Solved – Why the RMSE of training is very small but the test error is very big

gaussian processoverfittingregression

I am a beginner in machine learning , and I use Matlab machine learning toolbox to build machine learning model.

I have some question about my model. My input data has 20 predictors and 1 response.

I use Gaussian Process Regression model with Squared exponential kernel function, and I also use 10 fold cross validation.

By this way the RMSE of training is very small. However, when I output the model I use some test data to predict, the error of test is so big.

How do I improve my model?

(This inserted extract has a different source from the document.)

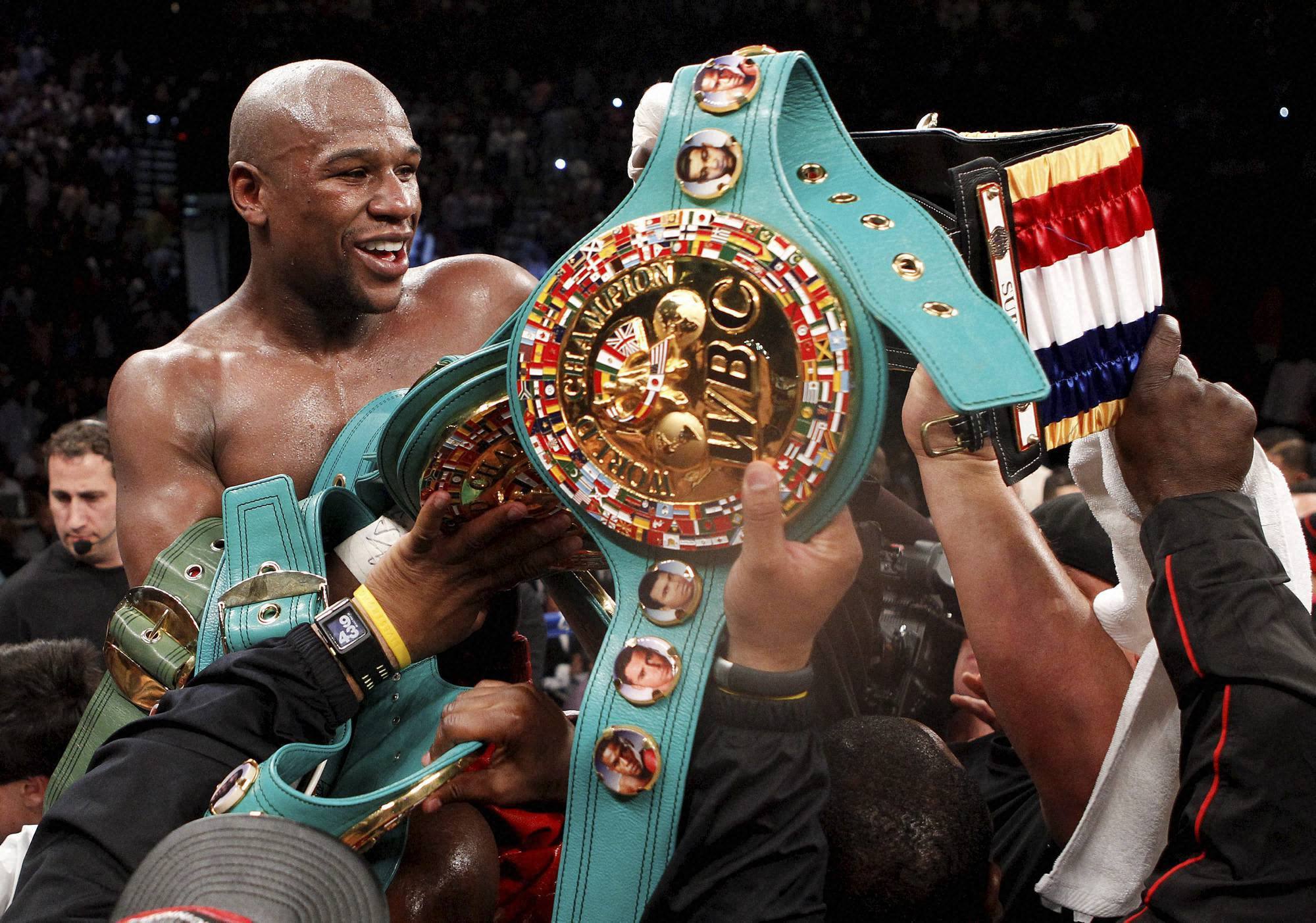 Boxer Floyd Mayweather Jr and his prizes wallpaper and image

I would appreciate it if someone answered me…

Best Answer

I think the problem that you get is an Overfitting in the model which you created.

When you are creating a predictive model, what actually you are doing is create the model that captures the signal not the noise of the data.

RMSE of training of model is a metric which measure how much the signal and the noise is explained by the model

So when you add more variables to a model, the model become more "flexible", it captures the pattern of training data very well and reduces RMSE to a smallest amount, however because our statistical learning procedure is working too hard to find patterns in the training data, and may be picking up some patterns that are just caused by random chance rather than by true properties of the unknown function f which you are trying to estimate . When you overfit the training data, the test MSE will be very large because the supposed patterns that the method found in the training data simply don’t exist in the test data

I recommend you read Quora answer by William Chen in this link, he explained it very well in a layman term : https://www.quora.com/What-is-an-intuitive-explanation-of-over-fitting-particularly-with-a-small-sample-set-What-are-you-essentially-doing-by-over-fitting-How-does-the-over-promise-of-a-high-R%C2%B2-low-standard-error-occur

After you reading it, you can find the free-ebook An Introduction to Statistical Learning with Application in R by Gareth James, Daniela Witten, Trevor Hastie, Robert Tibshirani.

edit: link to the ebook http://www-bcf.usc.edu/~gareth/ISL/ISLR%20First%20Printing.pdf

Read the chapter 2 , 2.1 and 2.2 , they explained it very detail with the awesome illustration.

I hope this help you.